I don’t sympathize too much with that argument. Yes, New Hampshire Dems are in a tight spot with their first-in-the-nation law, and the DNC may penalize their convention delegates if they can’t work out a deal with Republicans to change it. But this is a situation of their own making — New Hampshire passed the law in the first place.

My departed friend, former AFL-CIO President Richard Trumka, put it best when he led the United Mine Workers during the Peabody strike: “If you strike a match and you put your finger on it, you’re likely to get burned.” He was talking about the mine owners’ confrontational tactics during the strike, but the warning goes for any hardball negotiating tactic.

New Hampshire political insiders have used their first-in-the-nation law as leverage to stop every attempt at primary reform. They passed it into law decades ago, then passed up every opportunity since to repeal it. They can’t play the victims if they get burned.

The meeting in Philadelphia gave everyone a chance to have their case heard. I hope we enact this fair primary calendar and move onto other important business of the Democratic Party: defending workers, strengthening democracy — and making sure the 2024 Democratic National Convention is in Chicago.

Eric Dean, president, Ironworkers General

Make restitution to business owners hurt by 2020 civil unrest

In the debate about reparations and restitution, some mayoral candidates have made vague statements about providing funds to descendants of slaves. This is a valuable goal because history has cheated the descendants of all the blessings of prosperity. The issues are who receives compensation, how much, what is the historical starting date and what is the budgetary impact?

Here’s another proposal: Restitution should be given to business owners in disinvested communities who were victims of the 2020 civil unrest in Chicago. We all remember the horrifying images of small businesses being destroyed in communities that have suffered from years of official neglect. The entrepreneurs who opened businesses defied conventional wisdom by bringing much needed services to disinvested communities.

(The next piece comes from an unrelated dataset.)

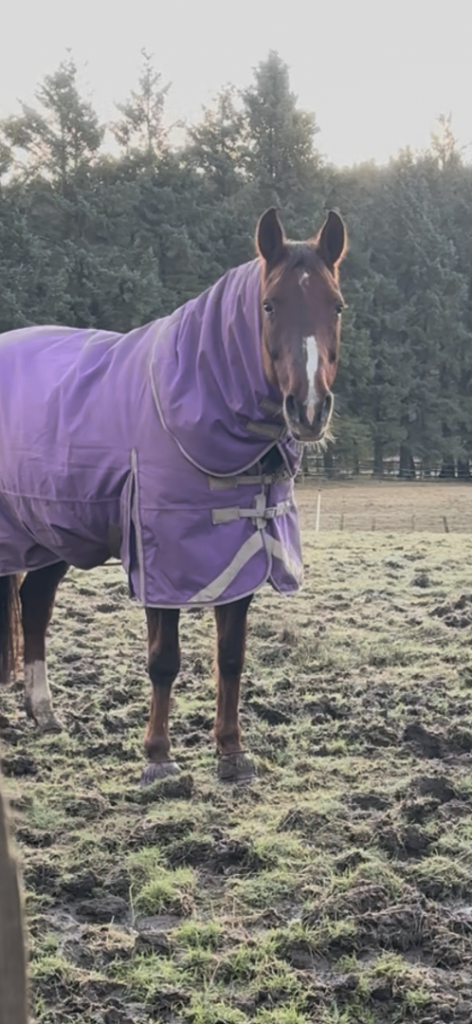 Horse manure (free)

Yet when civil unrest unfolded, the city stood back and did not protect disinvested communities from the destructive forces that had been unleashed, leaving many businesses in ruin.

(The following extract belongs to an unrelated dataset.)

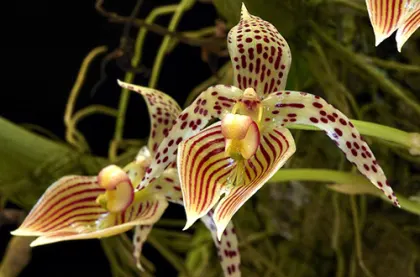 Bulbophyllum costatum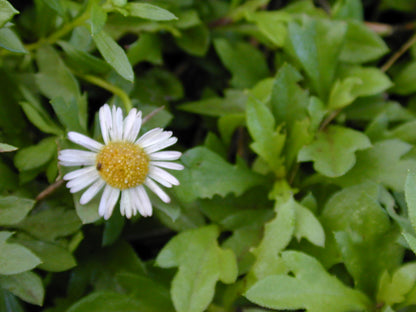 Erigeron karvinskianus, commonly known as Mexican fleabane, green foliage and white flower with yellow center.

Let’s give restitution to those entrepreneurs if they commit to using the money to reopen or restore businesses in disinvested communities. The amount of restitution offered by the city should cover losses not covered by insurance.

James D’Archangelis, Buena Park

No need for new Police District Councils

I take exception to the Feb. 1 letter about Police District Councils.

We already have CAPS, where citizens in a beat area can meet with police officers and the staff of aldermen, if not the aldermen themselves. Beat facilitators are chosen from the beats, so meeting attendees know them. The beat facilitators and committee chairs meet with district commanders and their staff in their District Advisory Council meetings, and the chairman of the DACs meet with the superintendent.

In most districts, voters are being asked to vote for people they do not know, some of whom are anti-police. There would have been more beat facilitators running for these offices, but the word never came down through CAPS.

It this time of rampant crime, we can not afford to defund the police, although that seems to be the goal of many of these candidates.